Lester Bangs and The Delinquents

  
[Spoken] I don't know when to come in . . .
 
Running from myself just as fast as I can.
Trying to see these shifts in the sands.
Might walk on water on my bare hands[2]
but I'm the only one who doesn't understand.
 
But it's all right.
Don't you worry about thing
'cause the legless bird,
he just sleeps on the wing.
Hey lawzy lizzie,[3] shake 'em on down.
 
Heart is closed; nerves outward bound
Keep running faster, and I keep on losing ground.
Screamed all night, and I didn't hear a sound.
But it's all right.
 
Don't you worry about thing
'cause the legless bird,
he just sleeps on the wing.
 
Shoot that bastard right out of the sky.
See if you can get him in the thighs.
He calls it living, but he's just gettin' high.[4]
Today I say all chicken hawks die.
 
I was hurt early and I never forgave.[5]
But, that ain't your problem, and not mine to save.
I'm a well bred cripple: I know how to behave.[6]
Just put me in a stupor; let me rant and rave.
 
But it's all right.
Don't you worry about thing
'cause the legless bird,
he just sleeps on the wing.
 


  
APPEARS ON
Jook Savages On the Brazos, LP, CD
Track §4

LP:Live Wire Records, LW-3 (1981); CD: Moll Tonträger [GER], Moll 6 (1995); CD: re-issue: Live Wire Records, LW-20 (2009)

SOURCES

Transcription by Lester Bangs Archive Management, 2013. 

 

Last Updated: 08/13/2017

ABOUT THE LYRICS: 

[1] Bearing no lyrical resemblance to it, “Legless Bird” is ostensibly an homage to the Trashmen's “Surfin’ Bird,” set to a bluesy party beat—the kind of parties Lester Bangs went to, that is. The Ramones covered "Surfin' Bird" on their 1977 album Rocket to Russia, from which the Trashmen's song received its punk imprimatur. (Birdland collaborator Mickey Leigh was Joey Ramone's brother.)

[2] "shifts in the sands. / ...on my bare hands": another (unsubstantiated) inspiration for "Legless Bird" may be Jan Berry of the early 1960s vocal surf duo, Jan and Dean, whose sound in such hits as "Surf City" and "Dead Man's Curve" was popularized shortly afterward by the Beach Boys. Jan Berry was permanently crippled by a near-fatal car accident in 1966 and struggled throughout much of his life with drug addiction, an overt topic in "Legless Bird." Rock critic Dave Marsh, in his liner notes to the 1971 Jan and Dean Anthology LP, credits the duo with inspiring the stage aesthetic of punk rockers.

[3] "Hey lawzy lizzie" is possibly an allusion to Thin Lizzy, popular Irish rock band formed in 1969 whose LPs would have been on Bangs's turntable during the decade of the Seventies.

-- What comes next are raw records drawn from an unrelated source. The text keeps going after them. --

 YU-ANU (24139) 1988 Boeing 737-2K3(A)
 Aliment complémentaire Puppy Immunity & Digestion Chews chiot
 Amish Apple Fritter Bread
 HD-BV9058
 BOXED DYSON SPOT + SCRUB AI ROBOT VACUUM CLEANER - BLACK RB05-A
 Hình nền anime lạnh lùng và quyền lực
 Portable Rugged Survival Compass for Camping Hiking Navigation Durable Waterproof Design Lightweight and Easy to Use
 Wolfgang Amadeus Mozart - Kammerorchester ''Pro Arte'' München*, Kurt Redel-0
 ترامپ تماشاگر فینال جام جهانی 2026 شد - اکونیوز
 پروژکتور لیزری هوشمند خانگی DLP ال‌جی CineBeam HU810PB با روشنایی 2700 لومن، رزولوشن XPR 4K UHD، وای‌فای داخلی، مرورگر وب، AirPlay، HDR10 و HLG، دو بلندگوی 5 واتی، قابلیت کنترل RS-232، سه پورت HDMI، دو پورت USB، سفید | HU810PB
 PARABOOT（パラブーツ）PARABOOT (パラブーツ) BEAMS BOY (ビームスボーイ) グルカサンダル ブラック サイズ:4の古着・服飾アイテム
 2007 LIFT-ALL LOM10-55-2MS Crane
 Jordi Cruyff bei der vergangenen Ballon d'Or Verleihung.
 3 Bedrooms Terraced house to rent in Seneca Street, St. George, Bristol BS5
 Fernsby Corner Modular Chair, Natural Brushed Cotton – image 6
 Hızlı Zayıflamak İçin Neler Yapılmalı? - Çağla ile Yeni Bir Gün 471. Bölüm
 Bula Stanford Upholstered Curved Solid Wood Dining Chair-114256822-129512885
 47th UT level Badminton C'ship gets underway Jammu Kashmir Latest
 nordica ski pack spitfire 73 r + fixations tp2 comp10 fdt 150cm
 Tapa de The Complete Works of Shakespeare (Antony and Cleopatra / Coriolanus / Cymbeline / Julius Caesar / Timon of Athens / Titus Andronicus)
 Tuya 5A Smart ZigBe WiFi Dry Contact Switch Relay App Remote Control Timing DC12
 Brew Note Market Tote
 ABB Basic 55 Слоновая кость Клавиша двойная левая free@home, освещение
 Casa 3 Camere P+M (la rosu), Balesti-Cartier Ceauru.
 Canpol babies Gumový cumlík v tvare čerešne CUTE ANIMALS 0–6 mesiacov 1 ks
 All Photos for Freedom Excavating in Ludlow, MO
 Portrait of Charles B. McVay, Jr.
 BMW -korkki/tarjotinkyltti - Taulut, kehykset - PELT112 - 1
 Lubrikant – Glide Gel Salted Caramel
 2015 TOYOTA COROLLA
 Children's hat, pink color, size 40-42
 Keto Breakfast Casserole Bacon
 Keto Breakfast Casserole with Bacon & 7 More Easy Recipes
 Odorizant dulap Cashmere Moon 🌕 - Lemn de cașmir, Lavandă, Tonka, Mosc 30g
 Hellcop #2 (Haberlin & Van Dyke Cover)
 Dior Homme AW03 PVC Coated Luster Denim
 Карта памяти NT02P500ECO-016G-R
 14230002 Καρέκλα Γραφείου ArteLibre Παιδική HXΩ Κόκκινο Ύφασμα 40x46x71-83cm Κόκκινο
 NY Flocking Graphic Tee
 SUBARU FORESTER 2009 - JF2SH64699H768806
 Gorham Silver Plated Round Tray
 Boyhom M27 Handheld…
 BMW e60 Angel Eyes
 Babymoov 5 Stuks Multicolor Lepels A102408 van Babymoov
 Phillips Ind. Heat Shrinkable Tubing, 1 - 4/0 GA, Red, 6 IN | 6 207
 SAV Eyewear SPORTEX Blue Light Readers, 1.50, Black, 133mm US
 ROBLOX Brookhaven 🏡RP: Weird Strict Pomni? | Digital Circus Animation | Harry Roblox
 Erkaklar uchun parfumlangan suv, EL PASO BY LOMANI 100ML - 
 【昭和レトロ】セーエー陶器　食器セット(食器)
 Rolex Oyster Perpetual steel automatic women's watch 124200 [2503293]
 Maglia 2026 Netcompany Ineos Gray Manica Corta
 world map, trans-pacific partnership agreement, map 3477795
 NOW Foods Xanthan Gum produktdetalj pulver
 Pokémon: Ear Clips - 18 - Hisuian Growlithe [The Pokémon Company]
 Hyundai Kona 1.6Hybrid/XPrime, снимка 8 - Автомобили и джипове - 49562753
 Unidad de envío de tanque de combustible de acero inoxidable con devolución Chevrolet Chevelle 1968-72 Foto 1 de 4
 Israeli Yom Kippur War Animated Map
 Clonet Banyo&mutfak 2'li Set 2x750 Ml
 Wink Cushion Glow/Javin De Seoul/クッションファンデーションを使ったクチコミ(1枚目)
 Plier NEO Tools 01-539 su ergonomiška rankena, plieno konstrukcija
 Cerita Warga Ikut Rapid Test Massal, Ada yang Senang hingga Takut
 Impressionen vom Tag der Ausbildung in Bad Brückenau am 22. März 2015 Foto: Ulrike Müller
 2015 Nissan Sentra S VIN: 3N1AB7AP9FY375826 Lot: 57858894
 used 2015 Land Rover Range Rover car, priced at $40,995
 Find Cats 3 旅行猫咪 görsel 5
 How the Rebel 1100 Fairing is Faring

[4] "He calls that living, but he's just gettin' high": a commentary on Lester's contemporaries and their culture of pop music and drug use. Lester's friend and jam-session buddy Peter Laughner perished from acute pancreatitis in June 1977, a result of years of rampant drug and alcohol abuse. Of his demise, Lester wrote, "There is more than a little of what killed Peter in me, as there may well be in you.... Peter Laughner had his private pains and compulsions, but at least in part he died because he wanted to be Lou Reed. That certainly was not Lou’s fault; it was Peter’s. Though he was a casualty of the times, he brought it all upon himself.... Today I would not walk across the street to spit on Lou Reed, not because of Peter but because Peter’s death was the end of an era for me— an era of the most intense worship of nihilism and death-tripping in all marketable forms.” (Source: “Peter Laughner is Dead” New York Rocker September-October 1977.)

In another four year, Bangs, himself, would begin attending AA meetings.

[5] "I was hurt early.../...all chicken hawks die": a possible allusion to the man who sexually preyed on Bangs when he was eleven years old.

[6] "well bred cripple": the term "cripple" is shorthand for a dysfunctional addict. Bangs uses the term more than once in his songwriting (see "Fade Away") and was especially rankled by the hypocrisy of functionally drug-dependent individuals, like himself, who were intolerant of "cripples." The term as used here may also obliquely reference paraplegic Jan Berry. (See Note 2.)